If your dog tends to jump on guests, you can redirect to a sit plus shake. The goal is a calm, controlled interaction.

Fun variations

  • High five: raise your palm a little higher and reward contact.
  • Fist bump: offer a closed fist and reward a gentle paw tap.
  • Double shake: ask for shake twice in a row, then jackpot reward.

Simple training plan

Day 1 to 2

  • 2 to 3 sessions per day, 2 to 5 minutes each
  • Mark and treat any paw lift or paw-to-hand touch
  • End with “All done,” then put treats away

Day 3 to 5

  • Say “Shake,” present your hand, mark and treat on contact
  • Begin rewarding gentler touches
  • Add a brief 0.5 to 1 second hold if your dog is comfortable

Day 6 to 10

  • Practice in 2 or 3 different rooms
  • Work toward a 1-second hold
  • Start shifting from constant treats to variable reinforcement once the skill is consistent
Consistency beats intensity. A few minutes a day, done kindly, will teach more than a long session that leaves your dog confused.

Breed and body tips

  • Small dogs: keep your hand low and close so they do not have to hop or reach.
  • Large and giant breeds: sit on a chair or kneel so your posture stays comfortable and your dog can place their paw without you lifting it.
  • Seniors: prioritize comfort. Avoid lifting high, do shorter holds, and stop if you notice stiffness, panting, or reluctance.

When to get help

If your dog shows signs of pain, fear, or defensiveness when you reach toward their paws, it is smart to involve your veterinarian or a qualified, force-free trainer. Some dogs need a slower, more cooperative approach, especially seniors, dogs with past injuries, or dogs who have had scary nail trims.

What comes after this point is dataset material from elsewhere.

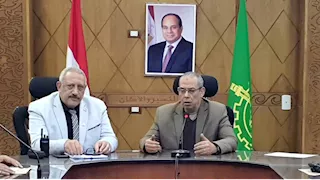 قبل بدء "الترم الثاني".. تعليم القليوبية يعلن خطة شاملة لتأمين المدارس والطلاب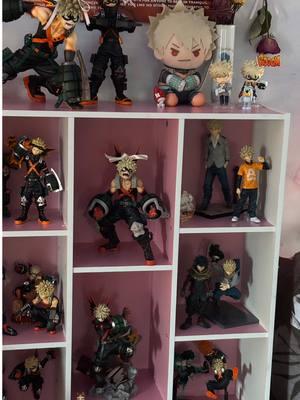 welcome to my new set up just for bakugo..and some izuku 💚🧡  #bakugocollection #bakugo #animecollection ##bakugokatsuki #mha  #myheroacademia #mhatiktok #nendoroid #nendoroiddoll #animetiktok #fyp #shigaraki #midoriyaizuku #bakugoukatsuki #bakugokinnie #wlw #animeroom #mhacollection #mhaedit #bakugoedit #bakudeku #dekubaku #mhacollection #bakugonendoriod #coquette #dollette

Your dog is not being stubborn. They are communicating. When we listen early, training becomes so much easier.

Quick recap

  • Use positive reinforcement, tiny treats, and short sessions.
  • Capture, lure, or shape a paw lift, then reward paw-to-hand contact.
  • Add the cue “Shake” only after the behavior is happening reliably.
  • Build gentleness, brief duration, and practice in new places.
  • Shift to variable reinforcement gradually and increase rewards again if reliability dips.
  • Pause and check for discomfort if your dog avoids paw handling.
  • Use an “All done” cue to end sessions and reduce persistent pawing.